__Provided material__:
+---+

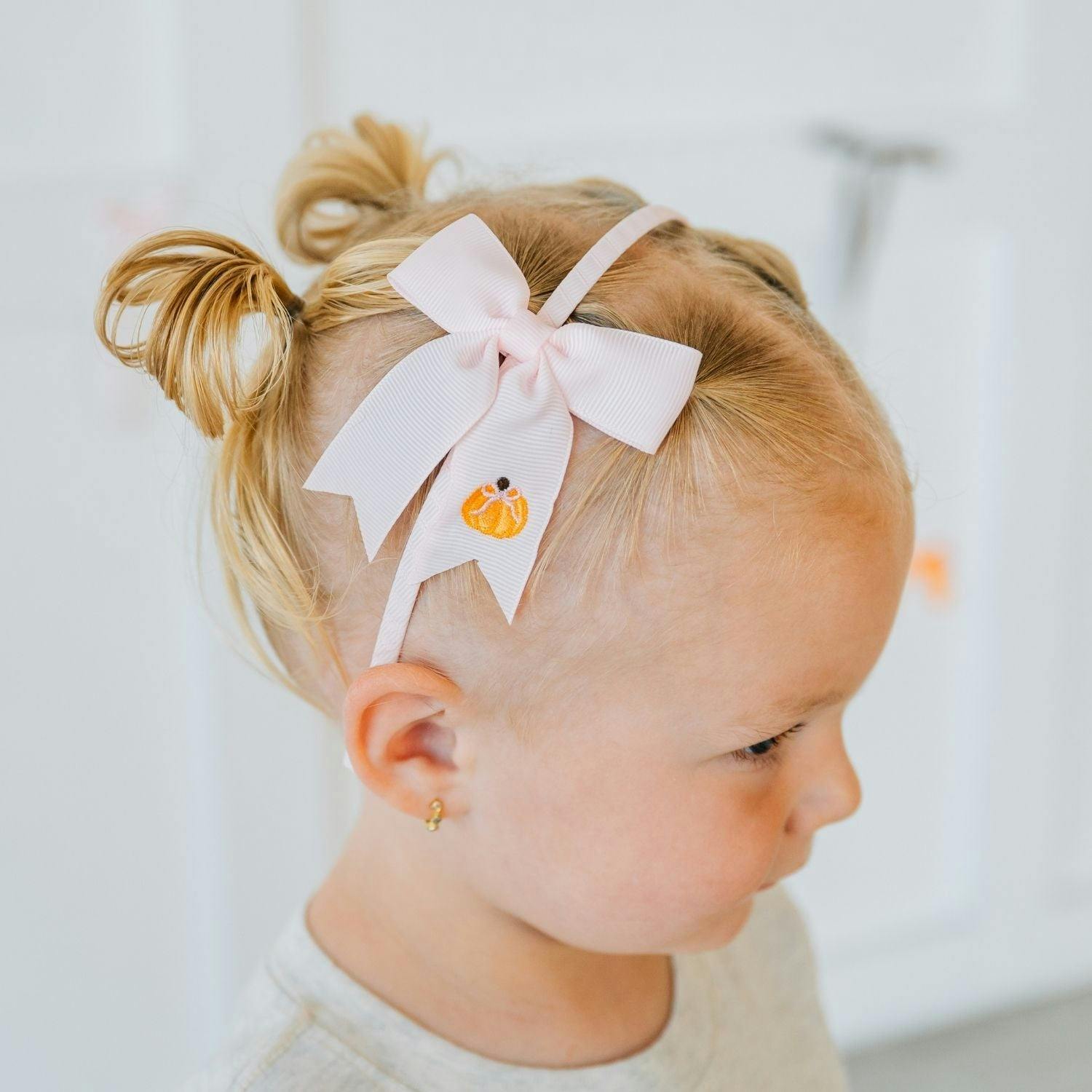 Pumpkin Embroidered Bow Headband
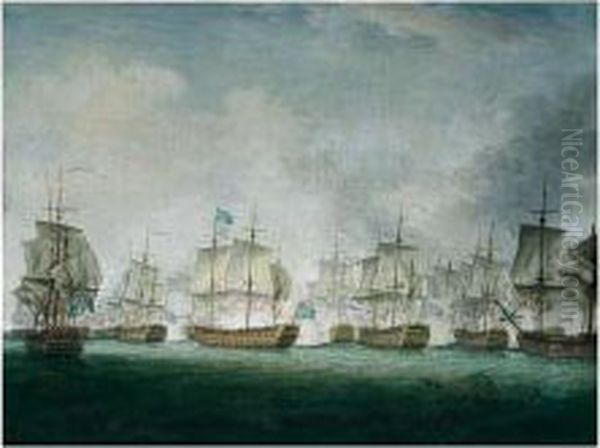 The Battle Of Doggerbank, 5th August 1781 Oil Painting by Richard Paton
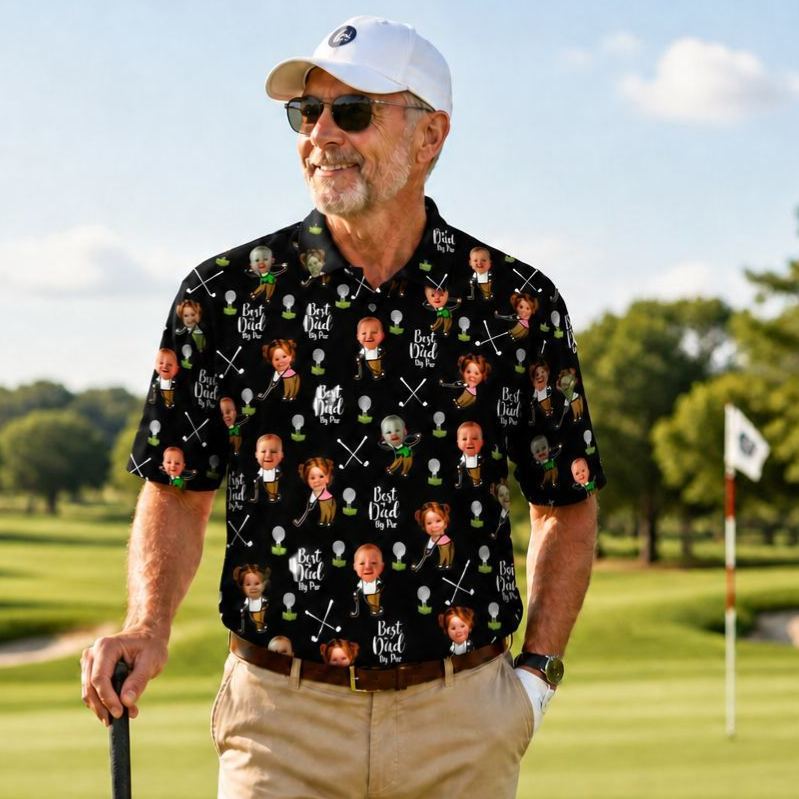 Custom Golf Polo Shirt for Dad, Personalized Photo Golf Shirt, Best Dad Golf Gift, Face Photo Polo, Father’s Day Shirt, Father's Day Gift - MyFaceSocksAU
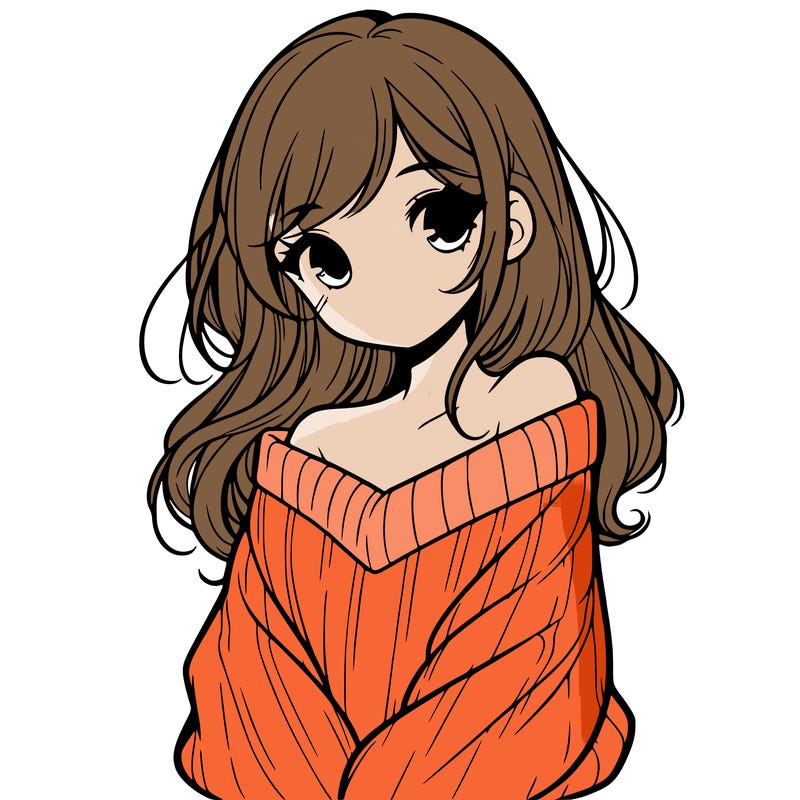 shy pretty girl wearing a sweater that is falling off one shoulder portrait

+---+

__Your assignment__: Write out exactly the lines from the one that contains "The Battle Of" through the last line of the data above, both included. Leave every picture out.

__Answer for the task__:
 The Battle Of Doggerbank, 5th August 1781 Oil Painting by Richard Paton
 Custom Golf Polo Shirt for Dad, Personalized Photo Golf Shirt, Best Dad Golf Gift, Face Photo Polo, Father’s Day Shirt, Father's Day Gift - MyFaceSocksAU
 shy pretty girl wearing a sweater that is falling off one shoulder portrait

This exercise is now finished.